> PROBLEM DETAILS
Task for the records below: please copy exactly, and only, the lines from the one containing "light background 40919455" to the last line, both included, leaving out the pictures.

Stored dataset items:

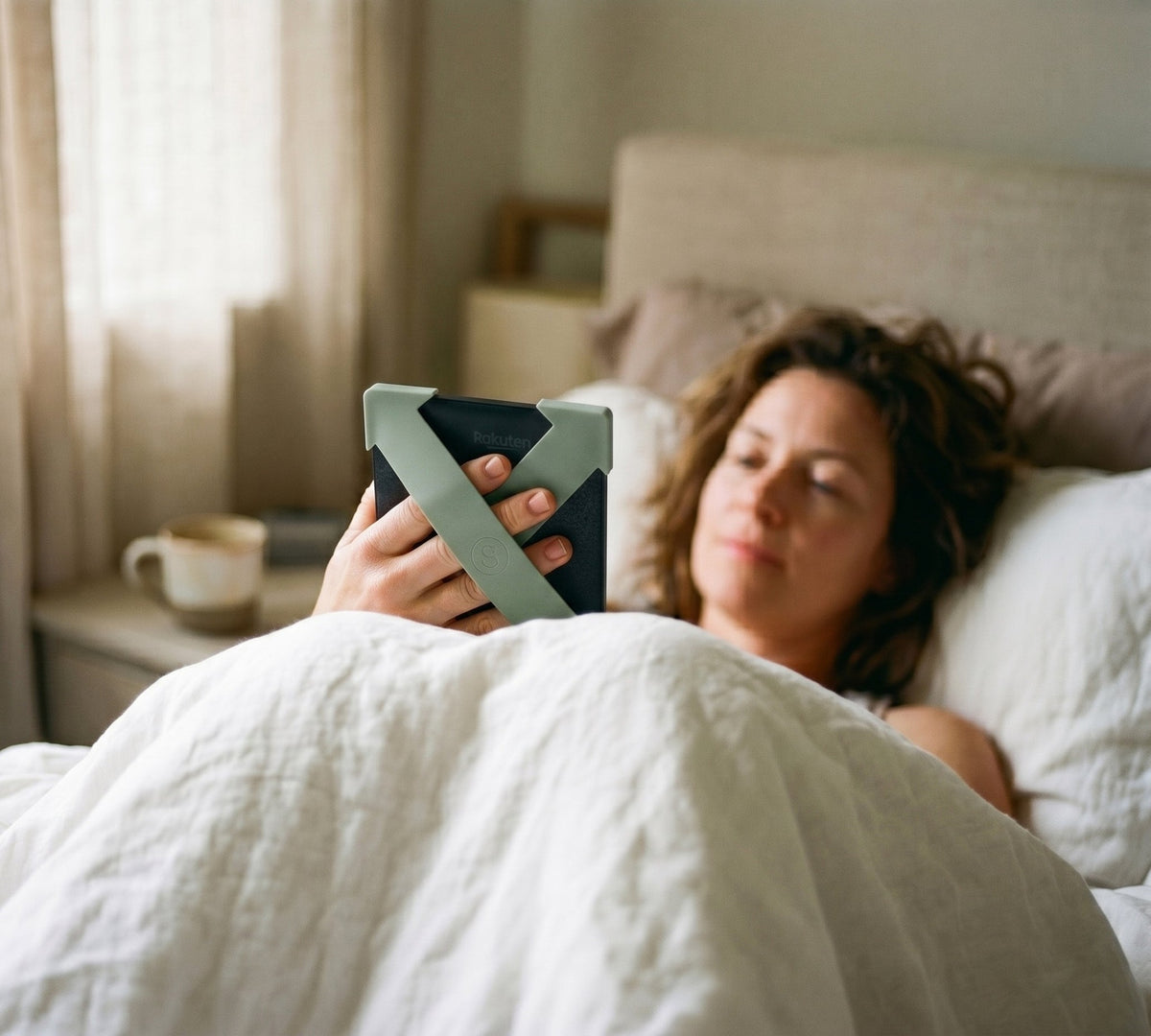 Strapsicle straps in Sage in use while reading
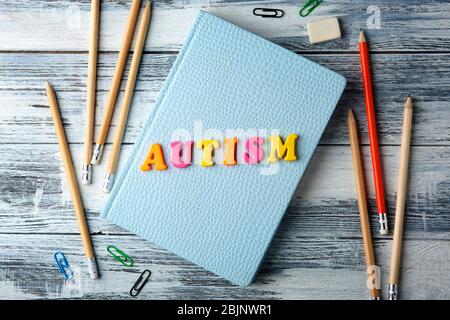 Mot AUTISME fait de lettres et bloc-notes sur fond de bois Banque D'Images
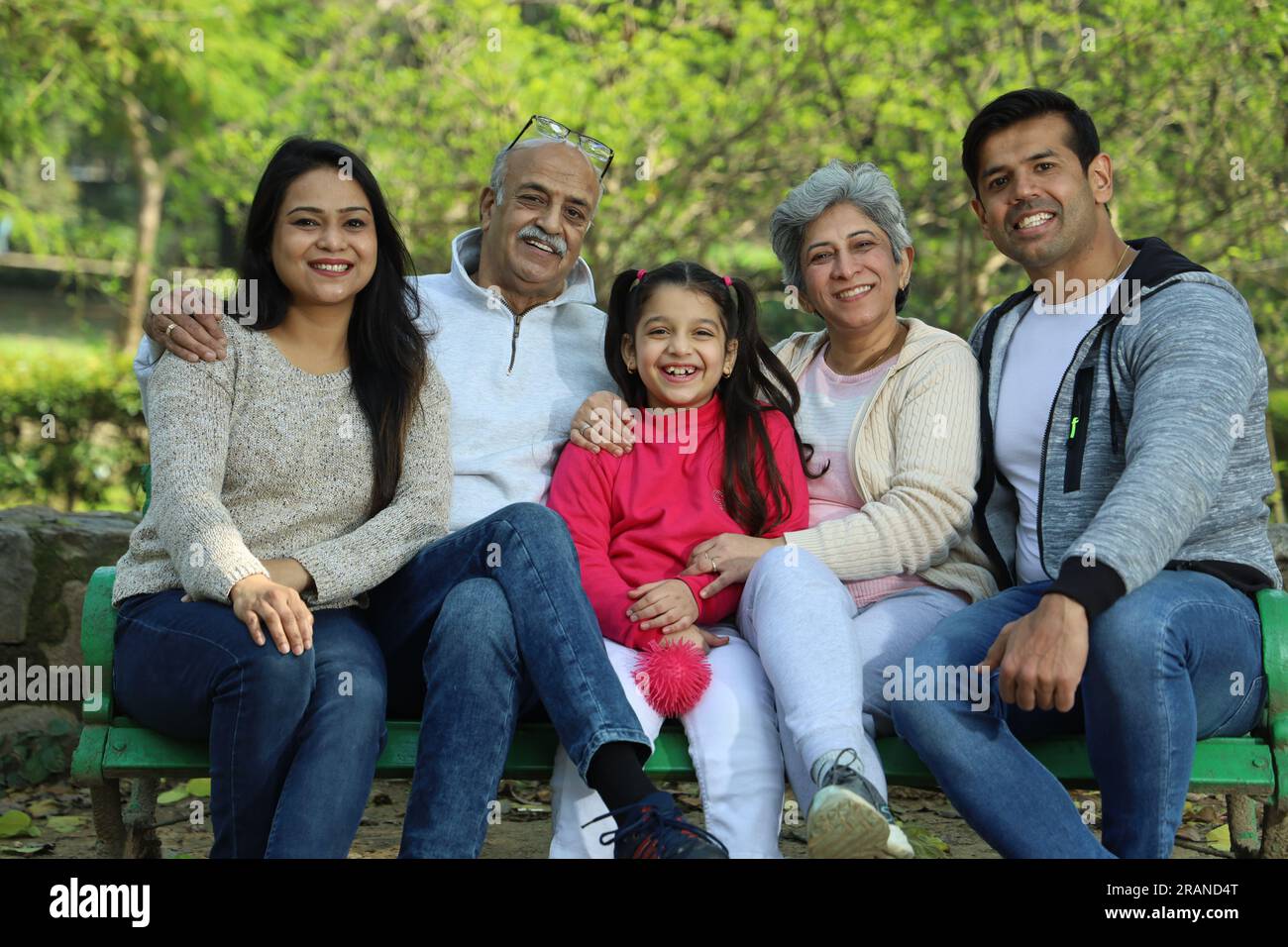 Glückliche Familie, die eine gute und fröhliche Zeit hat, auf einer Bank im grünen Park inmitten einer ruhigen Atmosphäre und einer frischen Luft-Umgebung zu sitzen. Kein Verschmutzungstag. Stockfoto
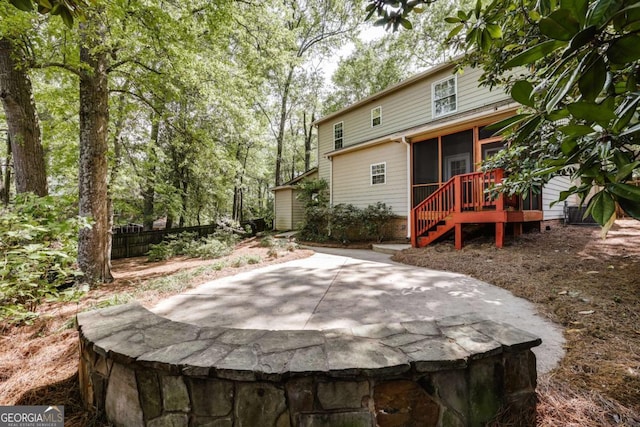 90 Hart Ave, Athens, GA 30606 - rear view of house with a sunroom and a patio area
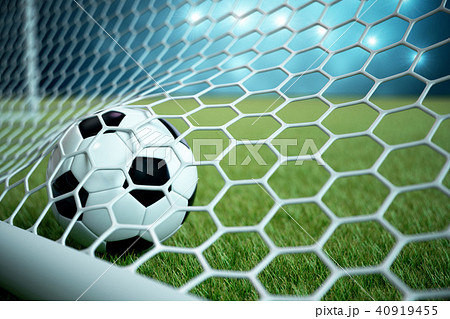 3d rendering soccer ball in goal. Soccer ball in net with spotlight and stadium light background 3d rendering soccer ball in goal. Soccer ball in net with spotlight and stadium light background 40919455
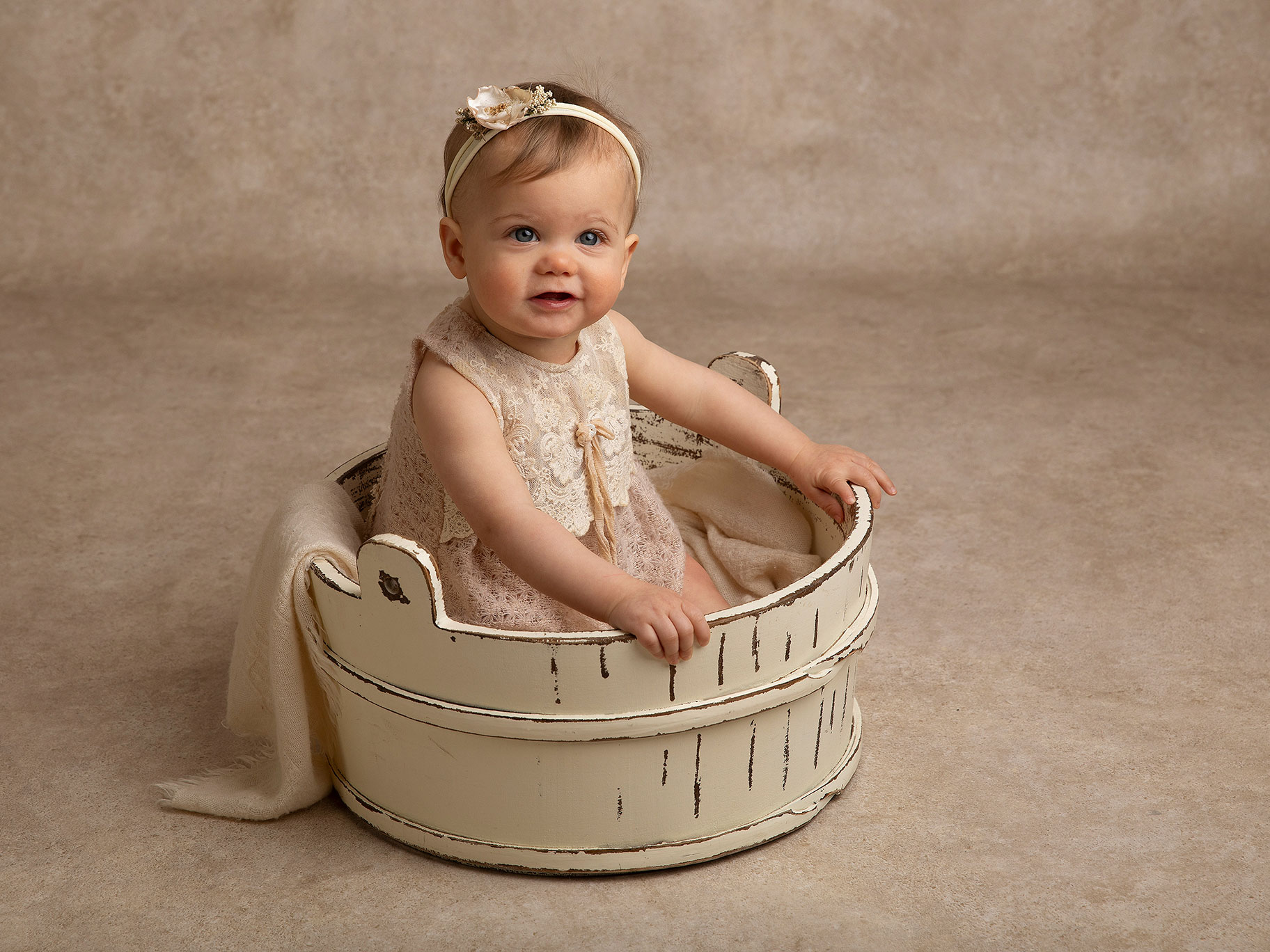 Liten flicka i en vit korg under en fotografering.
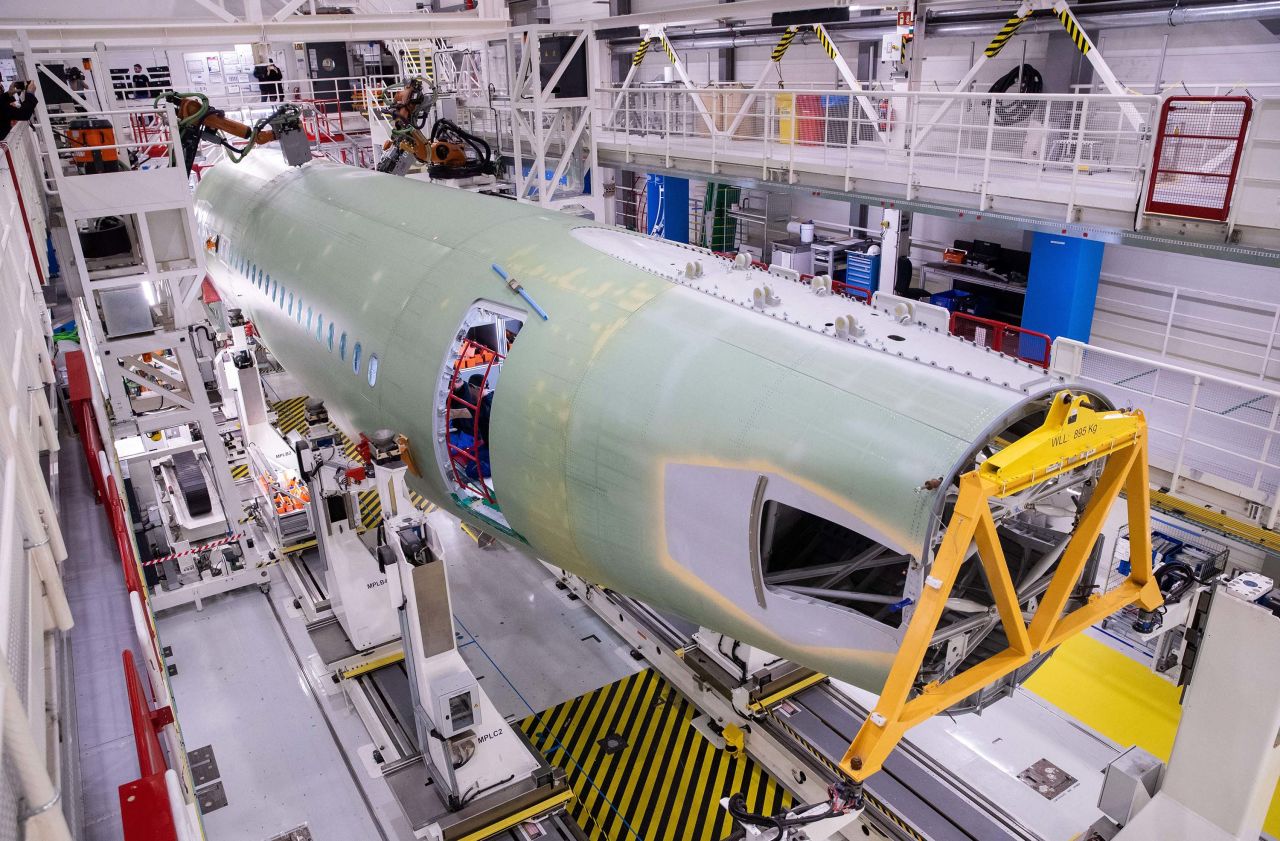 Airbus technicians work on parts for an Airbus A320 at the company's Finkenwerder plant in Hamburg, Germany, in October 2019.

> EXERCISE ANSWER
 3d rendering soccer ball in goal. Soccer ball in net with spotlight and stadium light background 3d rendering soccer ball in goal. Soccer ball in net with spotlight and stadium light background 40919455
 Liten flicka i en vit korg under en fotografering.
 Airbus technicians work on parts for an Airbus A320 at the company's Finkenwerder plant in Hamburg, Germany, in October 2019.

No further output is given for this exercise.